All photos by Eric Schlaepfer & Windell H. Oskay
Blue

Eric Schlaepfer was trying to fix a broken piece of test equipment when he came across the cause of the problem—a troubled tantalum capacitor. The component had somehow shorted out, and he wanted to know why. So he polished it down for a look inside. He never found the source of the short, but he and his collaborator, Windell H. Oskay, discovered something even better: a breathtaking hidden world inside electronics. What followed were hours and hours of polishing, cleaning, and photography that resulted in Open Circuits: The Inner Beauty of Electronic Components (No Starch Press, 2022), an excerpt of which follows. As the authors write, everything about these components is deliberately designed to meet specific technical needs, but that design leads to “accidental beauty: the emergent aesthetics of things you were never expected to see.”
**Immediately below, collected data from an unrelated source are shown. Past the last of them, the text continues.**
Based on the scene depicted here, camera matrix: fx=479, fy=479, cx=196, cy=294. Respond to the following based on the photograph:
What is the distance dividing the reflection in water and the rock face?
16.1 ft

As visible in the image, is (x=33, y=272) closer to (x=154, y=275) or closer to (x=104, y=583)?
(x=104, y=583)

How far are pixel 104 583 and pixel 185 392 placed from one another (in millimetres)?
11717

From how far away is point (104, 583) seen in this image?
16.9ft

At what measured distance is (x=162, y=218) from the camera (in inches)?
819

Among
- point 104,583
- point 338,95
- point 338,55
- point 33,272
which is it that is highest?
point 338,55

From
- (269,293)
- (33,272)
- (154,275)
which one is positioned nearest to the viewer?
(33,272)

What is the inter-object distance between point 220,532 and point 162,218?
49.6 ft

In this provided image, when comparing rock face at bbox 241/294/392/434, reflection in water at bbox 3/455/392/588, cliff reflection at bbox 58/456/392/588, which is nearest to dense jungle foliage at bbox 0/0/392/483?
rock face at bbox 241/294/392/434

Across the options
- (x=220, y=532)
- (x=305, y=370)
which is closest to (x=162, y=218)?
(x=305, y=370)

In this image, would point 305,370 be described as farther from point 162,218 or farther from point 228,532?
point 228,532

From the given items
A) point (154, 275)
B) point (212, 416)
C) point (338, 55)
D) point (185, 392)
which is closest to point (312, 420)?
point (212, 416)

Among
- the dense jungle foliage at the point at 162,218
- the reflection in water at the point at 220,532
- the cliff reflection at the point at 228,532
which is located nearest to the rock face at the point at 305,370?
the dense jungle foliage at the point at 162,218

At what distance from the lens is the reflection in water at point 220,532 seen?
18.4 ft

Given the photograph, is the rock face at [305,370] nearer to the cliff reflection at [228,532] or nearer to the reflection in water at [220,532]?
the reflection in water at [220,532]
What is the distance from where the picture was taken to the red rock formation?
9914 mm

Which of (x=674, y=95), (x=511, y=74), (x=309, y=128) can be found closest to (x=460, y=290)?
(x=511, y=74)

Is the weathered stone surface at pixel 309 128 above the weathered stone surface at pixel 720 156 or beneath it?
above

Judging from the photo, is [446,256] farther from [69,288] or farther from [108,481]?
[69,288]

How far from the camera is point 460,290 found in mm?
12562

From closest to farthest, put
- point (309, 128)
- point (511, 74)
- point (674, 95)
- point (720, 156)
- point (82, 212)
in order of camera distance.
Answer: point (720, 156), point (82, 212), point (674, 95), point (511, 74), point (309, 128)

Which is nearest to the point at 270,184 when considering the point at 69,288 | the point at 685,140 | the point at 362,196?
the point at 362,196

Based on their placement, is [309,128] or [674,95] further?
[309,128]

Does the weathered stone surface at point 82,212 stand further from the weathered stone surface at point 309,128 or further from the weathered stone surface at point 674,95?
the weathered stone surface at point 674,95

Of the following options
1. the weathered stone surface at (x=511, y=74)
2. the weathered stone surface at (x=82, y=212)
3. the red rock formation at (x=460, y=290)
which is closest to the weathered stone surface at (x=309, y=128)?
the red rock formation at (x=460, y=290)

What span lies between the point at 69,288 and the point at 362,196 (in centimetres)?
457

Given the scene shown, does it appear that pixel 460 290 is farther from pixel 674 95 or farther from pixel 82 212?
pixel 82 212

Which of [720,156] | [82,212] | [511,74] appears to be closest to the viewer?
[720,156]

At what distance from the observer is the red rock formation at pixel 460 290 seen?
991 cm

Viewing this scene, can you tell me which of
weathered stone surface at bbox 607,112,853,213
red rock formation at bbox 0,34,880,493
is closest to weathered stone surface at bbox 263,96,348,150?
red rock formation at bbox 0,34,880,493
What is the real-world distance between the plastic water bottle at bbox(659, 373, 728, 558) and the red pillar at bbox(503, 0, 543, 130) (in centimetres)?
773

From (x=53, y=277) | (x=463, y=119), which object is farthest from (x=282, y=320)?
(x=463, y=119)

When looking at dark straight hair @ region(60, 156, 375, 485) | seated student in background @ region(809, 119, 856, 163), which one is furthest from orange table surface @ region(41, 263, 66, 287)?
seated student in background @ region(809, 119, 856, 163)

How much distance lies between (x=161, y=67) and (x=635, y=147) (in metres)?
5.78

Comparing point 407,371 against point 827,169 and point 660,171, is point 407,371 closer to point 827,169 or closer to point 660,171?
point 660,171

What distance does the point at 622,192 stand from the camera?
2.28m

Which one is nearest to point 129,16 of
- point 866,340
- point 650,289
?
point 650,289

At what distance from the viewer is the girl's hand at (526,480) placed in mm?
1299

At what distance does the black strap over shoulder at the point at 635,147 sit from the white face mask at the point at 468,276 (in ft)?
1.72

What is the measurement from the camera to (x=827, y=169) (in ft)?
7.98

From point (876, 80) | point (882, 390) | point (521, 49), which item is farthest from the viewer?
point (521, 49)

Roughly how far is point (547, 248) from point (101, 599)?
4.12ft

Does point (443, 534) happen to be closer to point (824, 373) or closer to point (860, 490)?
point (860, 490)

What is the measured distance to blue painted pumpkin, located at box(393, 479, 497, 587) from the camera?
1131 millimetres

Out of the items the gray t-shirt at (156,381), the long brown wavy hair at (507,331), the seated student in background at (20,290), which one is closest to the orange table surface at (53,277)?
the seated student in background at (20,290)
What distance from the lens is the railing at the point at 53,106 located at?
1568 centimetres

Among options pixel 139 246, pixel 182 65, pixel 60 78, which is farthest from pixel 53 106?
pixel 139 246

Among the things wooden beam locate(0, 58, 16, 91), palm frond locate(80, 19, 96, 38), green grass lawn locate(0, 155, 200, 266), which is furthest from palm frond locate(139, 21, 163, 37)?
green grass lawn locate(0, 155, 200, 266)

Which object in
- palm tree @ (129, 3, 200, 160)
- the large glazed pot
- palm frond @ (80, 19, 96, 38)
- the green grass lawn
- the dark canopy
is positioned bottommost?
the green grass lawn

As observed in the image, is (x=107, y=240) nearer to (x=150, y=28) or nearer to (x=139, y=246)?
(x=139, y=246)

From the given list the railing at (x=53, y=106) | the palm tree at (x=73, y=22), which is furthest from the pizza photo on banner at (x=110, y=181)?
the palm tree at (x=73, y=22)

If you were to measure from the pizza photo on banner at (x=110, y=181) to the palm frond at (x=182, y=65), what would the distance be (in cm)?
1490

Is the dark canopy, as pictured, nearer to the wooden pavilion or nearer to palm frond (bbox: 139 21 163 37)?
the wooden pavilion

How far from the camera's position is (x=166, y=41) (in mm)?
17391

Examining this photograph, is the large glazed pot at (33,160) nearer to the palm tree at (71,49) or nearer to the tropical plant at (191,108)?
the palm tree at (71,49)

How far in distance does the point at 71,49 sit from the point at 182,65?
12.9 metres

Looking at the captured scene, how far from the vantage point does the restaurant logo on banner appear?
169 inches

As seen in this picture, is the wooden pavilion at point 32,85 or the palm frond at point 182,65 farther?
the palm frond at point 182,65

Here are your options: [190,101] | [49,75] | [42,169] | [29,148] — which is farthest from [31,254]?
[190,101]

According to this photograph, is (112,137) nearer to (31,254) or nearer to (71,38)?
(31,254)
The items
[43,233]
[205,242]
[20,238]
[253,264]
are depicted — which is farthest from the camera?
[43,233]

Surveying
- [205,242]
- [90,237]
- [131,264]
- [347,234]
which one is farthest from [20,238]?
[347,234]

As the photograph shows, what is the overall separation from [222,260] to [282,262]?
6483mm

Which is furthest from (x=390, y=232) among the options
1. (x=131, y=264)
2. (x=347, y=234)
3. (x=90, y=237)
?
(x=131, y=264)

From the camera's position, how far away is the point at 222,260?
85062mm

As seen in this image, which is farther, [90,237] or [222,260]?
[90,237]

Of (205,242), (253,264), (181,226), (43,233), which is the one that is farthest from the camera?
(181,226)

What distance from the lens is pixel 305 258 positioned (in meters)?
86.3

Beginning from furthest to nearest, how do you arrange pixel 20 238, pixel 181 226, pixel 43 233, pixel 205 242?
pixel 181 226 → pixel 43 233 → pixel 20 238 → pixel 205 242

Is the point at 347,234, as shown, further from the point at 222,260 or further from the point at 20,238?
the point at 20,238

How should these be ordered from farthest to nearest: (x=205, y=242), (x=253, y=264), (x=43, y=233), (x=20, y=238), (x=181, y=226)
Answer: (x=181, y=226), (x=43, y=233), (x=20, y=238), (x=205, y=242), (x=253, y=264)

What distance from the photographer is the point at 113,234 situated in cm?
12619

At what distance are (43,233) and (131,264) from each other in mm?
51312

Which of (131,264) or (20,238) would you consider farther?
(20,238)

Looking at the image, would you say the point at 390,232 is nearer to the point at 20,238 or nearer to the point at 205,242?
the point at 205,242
From a book that spans the wide world of electronics, what we at IEEE Spectrum found surprisingly compelling were the insides of things we don’t spend much time thinking about, passive components. Transistors, LEDs, and other semiconductors may be where the action is, but the simple physics of resistors, capacitors, and inductors have their own sort of splendor.

High-Stability Film Resistor

A photo of a high-stability film resistor with the letters "MIS" in yellow.

All photos by Eric Schlaepfer & Windell H. Oskay

This high-stability film resistor, about 4 millimeters in diameter, is made in much the same way as its inexpensive carbon-film cousin, but with exacting precision. A ceramic rod is coated with a fine layer of resistive film (thin metal, metal oxide, or carbon) and then a perfectly uniform helical groove is machined into the film.

Instead of coating the resistor with an epoxy, it’s hermetically sealed in a lustrous little glass envelope. This makes the resistor more robust, ideal for specialized cases such as precision reference instrumentation, where long-term stability of the resistor is critical. The glass envelope provides better isolation against moisture and other environmental changes than standard coatings like epoxy.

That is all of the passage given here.